PROBLEM TO SOLVE =>
For each record, copy the text exactly and omit any picture it holds.
=== Section Start ===
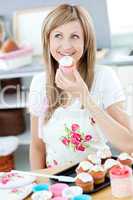 Bright woman preparing cakes in the kitchen
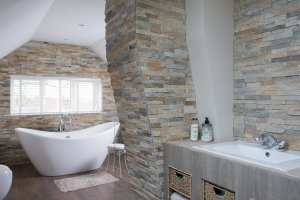 Stone tiled bathroom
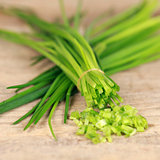 Chopped chives on a kitchen board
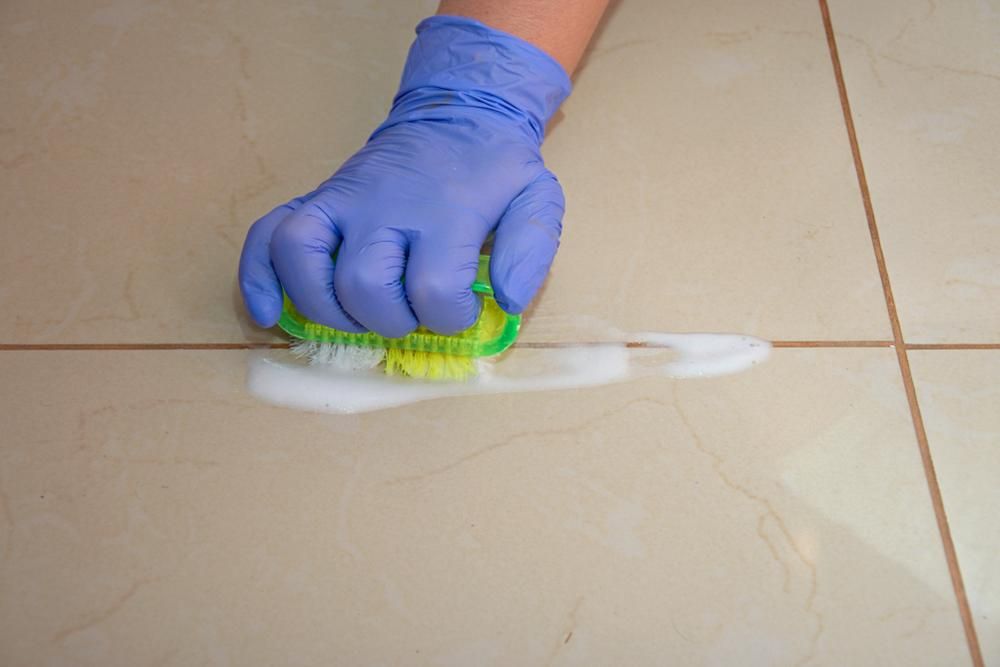 A Person Is Cleaning a Tile Floor — Professional Cleaning Company in Maryborough, QLD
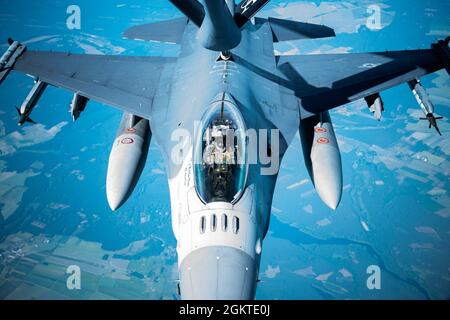 A U.S. Air Force F-16C Fighting Falcon from the 52nd Fighter Wing recieves air-to-air refueling from a KC-135 Stratotanker from the 100th Air Refueling Wing over the Baltic Sea region, June 29, 2021. Both aircraft supported a U.S. Air Forces in Europe - Air Forces Africa led Joint All-Domain Command and Control targeting exercise. The event was designed to train U.S. and ally forces to integrate, operate and communicate while executing all-domain operations. Stock Photo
=== Section End ===
REPLY TO THE TASK =>
 Bright woman preparing cakes in the kitchen
 Stone tiled bathroom
 Chopped chives on a kitchen board
 A Person Is Cleaning a Tile Floor — Professional Cleaning Company in Maryborough, QLD
 A U.S. Air Force F-16C Fighting Falcon from the 52nd Fighter Wing recieves air-to-air refueling from a KC-135 Stratotanker from the 100th Air Refueling Wing over the Baltic Sea region, June 29, 2021. Both aircraft supported a U.S. Air Forces in Europe - Air Forces Africa led Joint All-Domain Command and Control targeting exercise. The event was designed to train U.S. and ally forces to integrate, operate and communicate while executing all-domain operations. Stock Photo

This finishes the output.